CERN had a one-day LArSoft tutorial designed for those who are joining reconstruction and analysis efforts in Liquid Argon experiments but are new to the LArSoft framework. These sessions were video recorded. The recordings are available along with the presentations – see the links at the end of this write-up.

Organizers of the event would like to acknowledge Marzio Nessi for supporting the event and Audrey Deidda and Harri Toivonen for their significant help with solving organizational issues.

LArSoft tutorial overview

screen-shot-2016-11-21-at-9-22-28-am
Screen Shot from Video of the day

The participants came from many scientific research fields, not only from the Liquid Argon community, so in the morning session, the Liquid Argon TPC technology was presented. This introduction included discussion of a number of the challenges related to detection technology as well as challenges in  data reconstruction and analysis. This background was followed with a short introduction to the LArSoft framework.

The morning hands-on session was led by Theodoros Giannakopoulos who did an introductory talk  about the organization of the Neutrino Cluster at CERN. He also covered part of the LArSoft installation and explained how to set up the environment in Neutrino Cluster machines.

During the hands-on session, most of the participants logged into the Neutrino Cluster nodes using their own laptops with their own favorite operating system and shell. Having computing experts there was very important, especially Theodoros Giannakopoulos who was extremely helpful.

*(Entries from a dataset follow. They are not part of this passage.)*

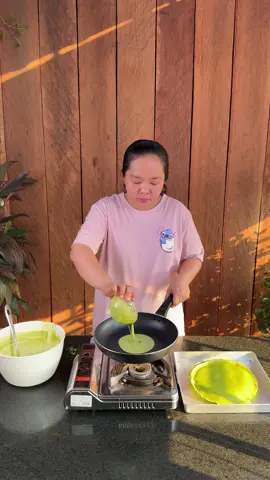 នំក្រែប​ Matcha #laluxe #fypシ゚ #fyp #foryoupage #cooking #foryou 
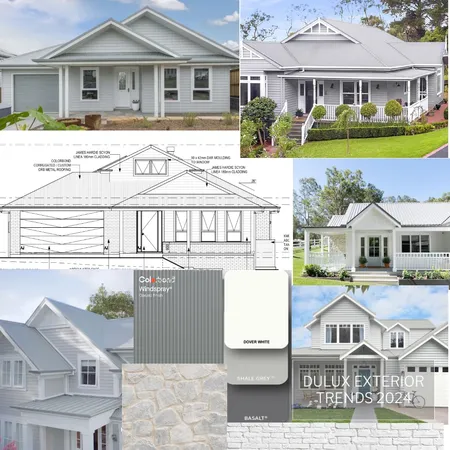 Hamptons facade Interior Design Mood Board by Hollyks on Style Sourcebook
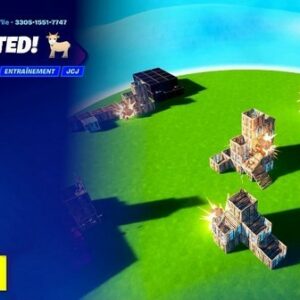 Carte GO GOATED ! sur Fortnite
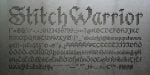 Stitch Warrior Font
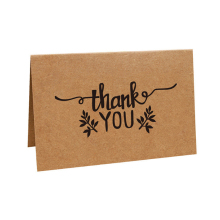 Beautiful Handmade Kraft Thank you Greeting Card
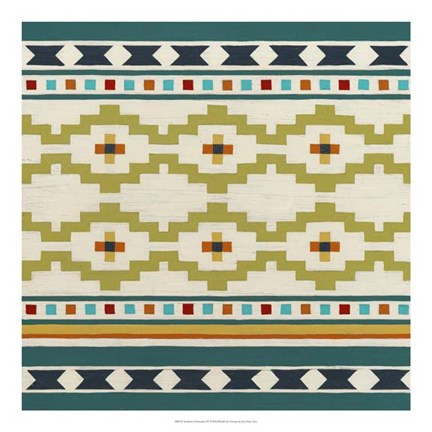 Framed Southwest Geometry IV Print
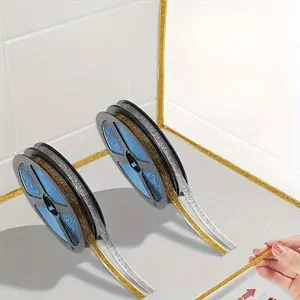 Self Adhesive Tile Seam Sticker, Waterproof & Mildew-proof Tile Seam Sticker, Wall Decorative Strip for Kitchen Sink & Bathroom Toilet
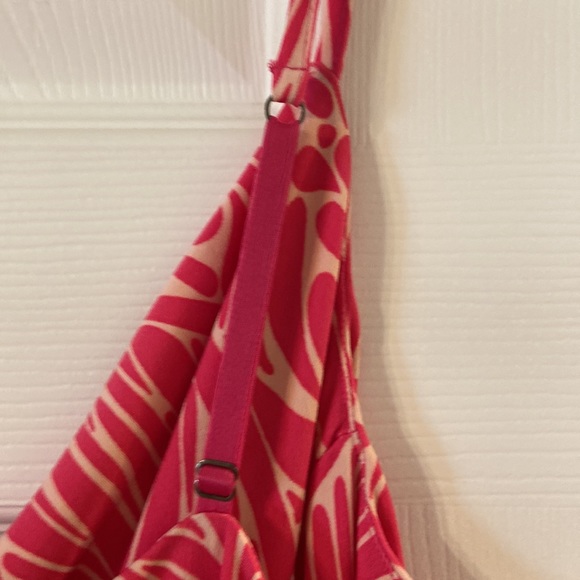 Victoria Secret Dress size L length 50” bust 36” pink and white color - Picture 5 of 12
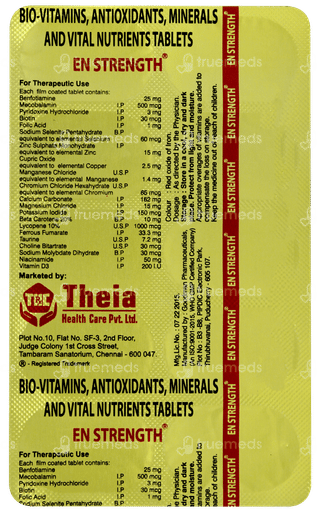 En Strength Tablet 10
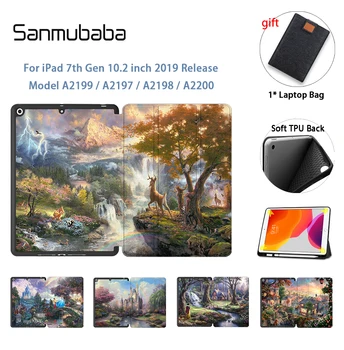 Sanmubaba Soft TPU Back Case For iPad 7th Generation 10.2 inch With Pencil Holder PU Leather Flip Stand Smart Cover Tablet Case
Sanmubaba Soft TPU Back Case For iPad 7th Generation 10.2 inch With Pencil Holder PU Leather Flip Stand Smart Cover Tablet Case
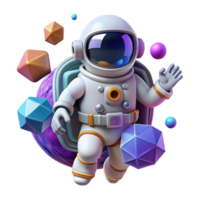 magnificent rustic Spacewalk Astronaut Outside Station Isolated for Science exclusive png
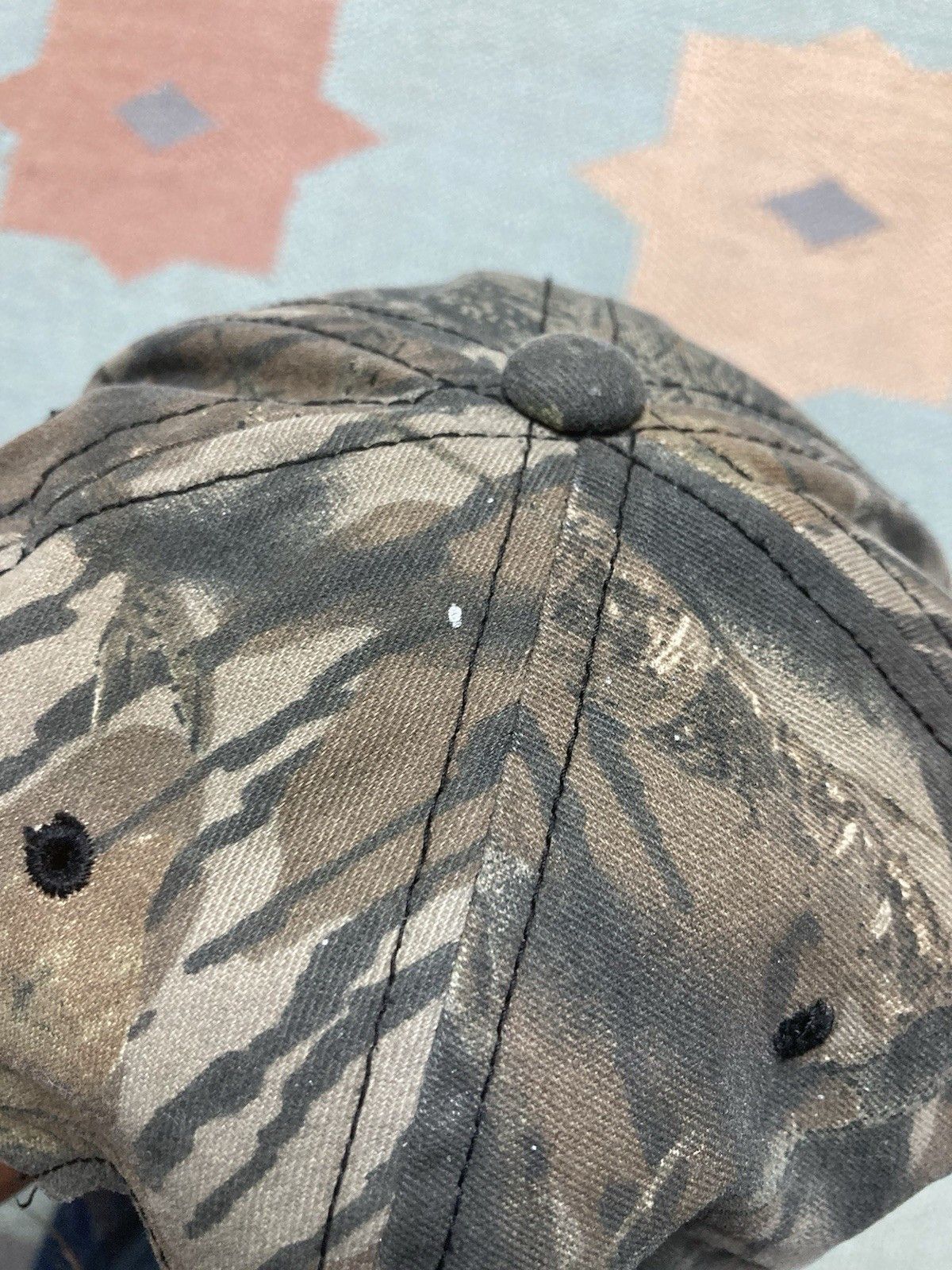 Vintage vtg SnapBack hat camo realtree blank hunting tree camouflage Size ONE SIZE - 7 Thumbnail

The purpose of the hands-on session was to learn how to run simulation and reconstruction jobs in LArSoft and how to visualize events  to inspect results. As an example we chose 2 GeV/c test beam pion in the ProtoDUNE-SP geometry. Robert Sulej’s slides guided participants during the hands-on session. In many places, we pointed to the in-depth materials from the Fermilab LArSoft tutorial and also linked to slides from the YoungDUNE tutorial, e.g. event display slides were very helpful.

The afternoon session started with a talk by Wesley Ketchum titled “Reconstruction as analysis.” The reconstruction in Liquid Argon is a challenging task, but developing reconstruction algorithms to overcome a problem is also a great source of satisfaction. It is also very important to make progress in the Liquid Argon data analysis. As Wes said, it is  the “process of taking raw data to physically-meaningful quantities that can be used in a physics analysis.” Wes presented an overview of reconstruction algorithms in LArSoft and several use cases from MicroBooNE data analysis experience.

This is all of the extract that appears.